William G. Tapply

Author

  • Born: July 16, 1940
  • Birthplace: Waltham, Massachusetts
  • Died: July 28, 2009
  • Place of death: Hancock, New Hampshire

Biography

William G. Tapply was born in Waltham, Massachusetts, on July 16, 1940. Tapply’s father was a writer for Field and Stream, where he wrote a column, “Tap’s Tips,” providing advice for the outdoorsman. Tapply graduated from Amherst College in 1962 with a degree in American studies and married Alice Knight. He continued his education at Harvard University, receiving a degree in social studies in 1963. Following his divorce from Knight in 1966, Tapply resumed his education at Tufts University, where he received a Travelli fellowship.

In 1970, Tapply married Cynthia Ehrgott and the couple had three children, two daughters and a son.

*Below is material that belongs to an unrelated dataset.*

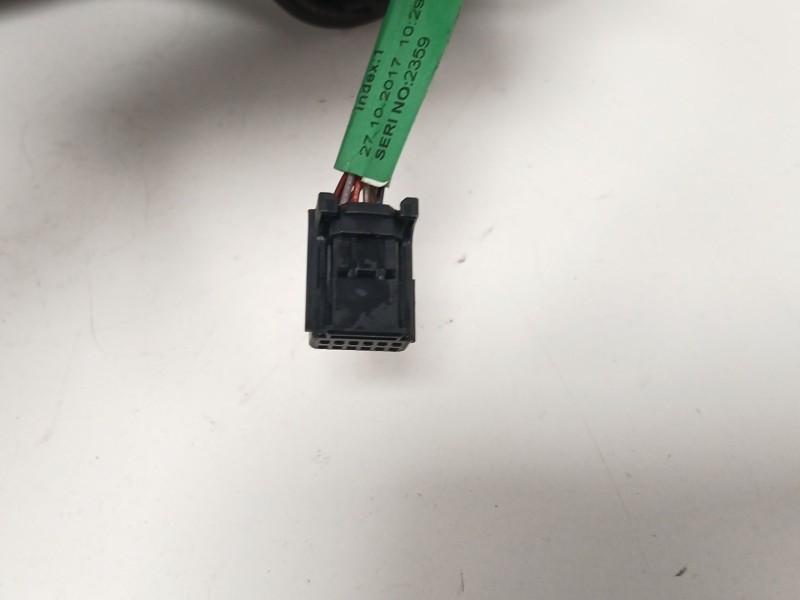 Recambio de retrovisor izquierdo para renault clio iv (bh_) 0.9 tce 90 referencia OEM IAM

Tapply took a job as a housemaster at Lexington High School, where he taught history until 1987. While at the high school, Tapply began writing, though he had never taken a writing class other than freshmen English. His first credits included articles in Sports Illustrated and Newsweek. Tapply’s second attempt at a novel, Death at Charity’s Point, was published by Scribner’s in 1984.

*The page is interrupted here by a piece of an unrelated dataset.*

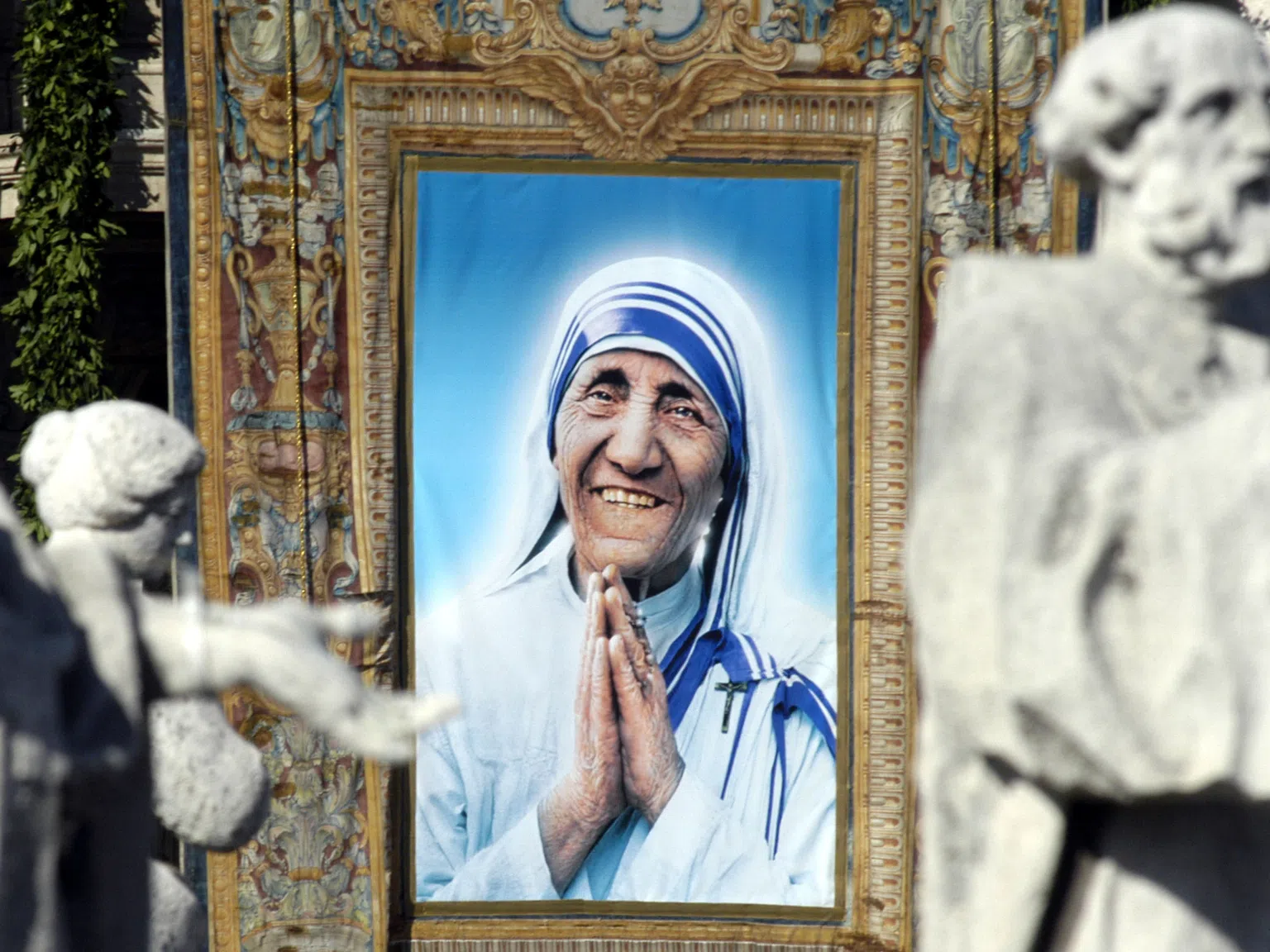 Тъмната истина за Майка Тереза: Светица или шарлатанка беше тя?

Since then, Tapply has written twenty-one novels about Boston lawyer Brady Coyne along with a guide to writing detective fiction and more than four hundred magazine articles. In 2005, he lived in Hancock, New Hampshire, was a professor of English, teaching writing, at Clark University in Worcester, Maine. He also was a contributing editor of Field and Stream. He and his third wife, novelist Vicki Stiefel, ran The Writers Studio at Chickadee Farm.